Stored items:

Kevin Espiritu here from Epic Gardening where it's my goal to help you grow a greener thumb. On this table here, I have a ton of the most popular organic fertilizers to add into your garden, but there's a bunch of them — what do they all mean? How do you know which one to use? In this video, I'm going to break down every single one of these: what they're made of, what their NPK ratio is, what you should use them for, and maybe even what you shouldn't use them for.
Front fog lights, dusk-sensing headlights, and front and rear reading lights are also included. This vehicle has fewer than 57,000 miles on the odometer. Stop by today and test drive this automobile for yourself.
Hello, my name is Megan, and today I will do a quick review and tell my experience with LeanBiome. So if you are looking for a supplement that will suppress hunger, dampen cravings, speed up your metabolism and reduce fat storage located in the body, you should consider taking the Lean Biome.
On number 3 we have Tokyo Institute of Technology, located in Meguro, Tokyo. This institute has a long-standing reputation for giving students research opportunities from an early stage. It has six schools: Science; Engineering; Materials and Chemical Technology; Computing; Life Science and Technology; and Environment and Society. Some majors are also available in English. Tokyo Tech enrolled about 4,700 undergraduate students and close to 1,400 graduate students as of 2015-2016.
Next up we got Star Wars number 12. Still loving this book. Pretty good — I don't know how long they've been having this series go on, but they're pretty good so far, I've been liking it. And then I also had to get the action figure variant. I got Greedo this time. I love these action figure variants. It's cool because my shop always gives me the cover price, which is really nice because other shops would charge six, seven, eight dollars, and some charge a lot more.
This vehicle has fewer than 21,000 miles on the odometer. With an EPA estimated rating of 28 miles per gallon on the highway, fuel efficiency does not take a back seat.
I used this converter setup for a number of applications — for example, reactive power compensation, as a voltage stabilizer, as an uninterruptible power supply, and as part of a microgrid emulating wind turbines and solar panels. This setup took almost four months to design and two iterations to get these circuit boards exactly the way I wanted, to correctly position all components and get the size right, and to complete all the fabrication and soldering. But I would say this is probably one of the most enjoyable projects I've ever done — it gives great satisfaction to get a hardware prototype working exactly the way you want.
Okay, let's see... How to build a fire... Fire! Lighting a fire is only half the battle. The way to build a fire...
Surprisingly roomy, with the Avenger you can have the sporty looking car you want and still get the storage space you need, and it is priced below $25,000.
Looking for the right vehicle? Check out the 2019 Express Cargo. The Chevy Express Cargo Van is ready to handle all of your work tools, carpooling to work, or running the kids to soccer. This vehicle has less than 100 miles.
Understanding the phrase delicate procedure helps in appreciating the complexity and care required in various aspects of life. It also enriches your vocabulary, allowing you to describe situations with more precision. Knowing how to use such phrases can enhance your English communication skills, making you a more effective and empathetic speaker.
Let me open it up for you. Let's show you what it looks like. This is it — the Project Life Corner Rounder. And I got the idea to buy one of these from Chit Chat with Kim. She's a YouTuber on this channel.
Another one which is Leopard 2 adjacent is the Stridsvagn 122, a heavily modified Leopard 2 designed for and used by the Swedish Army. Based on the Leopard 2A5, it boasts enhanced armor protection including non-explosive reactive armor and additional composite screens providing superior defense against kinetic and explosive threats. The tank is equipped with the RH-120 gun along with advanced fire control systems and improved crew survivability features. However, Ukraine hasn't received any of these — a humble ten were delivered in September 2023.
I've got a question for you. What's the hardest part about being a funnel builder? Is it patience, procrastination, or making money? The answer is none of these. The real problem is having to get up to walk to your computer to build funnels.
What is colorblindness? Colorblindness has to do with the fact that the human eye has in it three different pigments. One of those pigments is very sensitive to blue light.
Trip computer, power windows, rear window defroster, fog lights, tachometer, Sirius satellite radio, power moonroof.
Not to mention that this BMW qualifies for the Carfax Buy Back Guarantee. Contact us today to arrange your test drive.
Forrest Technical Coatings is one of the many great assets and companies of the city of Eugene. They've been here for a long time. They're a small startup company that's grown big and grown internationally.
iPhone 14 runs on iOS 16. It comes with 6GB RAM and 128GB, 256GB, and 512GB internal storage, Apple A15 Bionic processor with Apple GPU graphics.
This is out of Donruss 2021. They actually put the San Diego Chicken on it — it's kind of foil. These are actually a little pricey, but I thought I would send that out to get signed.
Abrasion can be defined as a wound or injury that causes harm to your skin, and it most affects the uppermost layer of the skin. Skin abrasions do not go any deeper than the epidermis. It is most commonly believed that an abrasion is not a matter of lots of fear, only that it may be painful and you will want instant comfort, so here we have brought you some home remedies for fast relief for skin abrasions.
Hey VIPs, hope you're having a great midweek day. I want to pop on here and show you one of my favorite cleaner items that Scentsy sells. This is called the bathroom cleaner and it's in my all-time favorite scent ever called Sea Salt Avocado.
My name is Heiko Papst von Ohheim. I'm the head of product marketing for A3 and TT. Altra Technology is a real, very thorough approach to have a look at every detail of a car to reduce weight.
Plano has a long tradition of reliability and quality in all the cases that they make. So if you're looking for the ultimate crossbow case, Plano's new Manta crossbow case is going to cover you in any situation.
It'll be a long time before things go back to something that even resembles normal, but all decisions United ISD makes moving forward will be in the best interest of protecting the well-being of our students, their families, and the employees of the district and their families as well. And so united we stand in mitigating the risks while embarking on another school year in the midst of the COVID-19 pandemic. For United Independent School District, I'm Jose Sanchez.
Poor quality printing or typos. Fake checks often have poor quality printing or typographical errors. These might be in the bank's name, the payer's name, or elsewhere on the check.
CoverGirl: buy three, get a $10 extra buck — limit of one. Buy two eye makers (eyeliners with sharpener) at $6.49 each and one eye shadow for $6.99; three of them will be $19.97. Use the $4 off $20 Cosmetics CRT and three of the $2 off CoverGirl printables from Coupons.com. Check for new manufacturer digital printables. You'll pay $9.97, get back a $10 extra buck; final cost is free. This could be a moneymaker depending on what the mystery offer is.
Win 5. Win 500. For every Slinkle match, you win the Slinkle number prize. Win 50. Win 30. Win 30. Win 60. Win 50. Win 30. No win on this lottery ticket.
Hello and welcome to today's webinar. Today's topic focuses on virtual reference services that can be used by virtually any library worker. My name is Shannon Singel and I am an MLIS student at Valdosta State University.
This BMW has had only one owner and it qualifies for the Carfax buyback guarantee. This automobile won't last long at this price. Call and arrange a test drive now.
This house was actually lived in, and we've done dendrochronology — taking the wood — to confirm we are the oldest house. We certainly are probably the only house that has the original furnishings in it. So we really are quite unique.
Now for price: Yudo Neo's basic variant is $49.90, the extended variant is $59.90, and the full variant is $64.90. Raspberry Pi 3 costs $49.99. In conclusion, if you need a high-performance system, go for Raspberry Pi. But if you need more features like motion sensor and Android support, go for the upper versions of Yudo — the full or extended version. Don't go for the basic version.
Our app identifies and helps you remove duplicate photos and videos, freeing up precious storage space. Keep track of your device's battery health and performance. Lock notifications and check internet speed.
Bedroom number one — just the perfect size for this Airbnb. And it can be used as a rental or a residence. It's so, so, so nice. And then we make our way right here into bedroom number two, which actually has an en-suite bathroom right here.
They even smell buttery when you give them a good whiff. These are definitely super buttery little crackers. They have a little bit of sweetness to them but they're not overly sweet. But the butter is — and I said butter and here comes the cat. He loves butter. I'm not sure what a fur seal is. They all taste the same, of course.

* _PROBLEM TO SOLVE_: Look above for the line holding "Hello and welcome". Print it and every line after it, exactly, through the line holding "Bedroom number one".

* _ANSWER TO THE EXERCISE_:
Hello and welcome to today's webinar. Today's topic focuses on virtual reference services that can be used by virtually any library worker. My name is Shannon Singel and I am an MLIS student at Valdosta State University.
This BMW has had only one owner and it qualifies for the Carfax buyback guarantee. This automobile won't last long at this price. Call and arrange a test drive now.
This house was actually lived in, and we've done dendrochronology — taking the wood — to confirm we are the oldest house. We certainly are probably the only house that has the original furnishings in it. So we really are quite unique.
Now for price: Yudo Neo's basic variant is $49.90, the extended variant is $59.90, and the full variant is $64.90. Raspberry Pi 3 costs $49.99. In conclusion, if you need a high-performance system, go for Raspberry Pi. But if you need more features like motion sensor and Android support, go for the upper versions of Yudo — the full or extended version. Don't go for the basic version.
Our app identifies and helps you remove duplicate photos and videos, freeing up precious storage space. Keep track of your device's battery health and performance. Lock notifications and check internet speed.
Bedroom number one — just the perfect size for this Airbnb. And it can be used as a rental or a residence. It's so, so, so nice. And then we make our way right here into bedroom number two, which actually has an en-suite bathroom right here.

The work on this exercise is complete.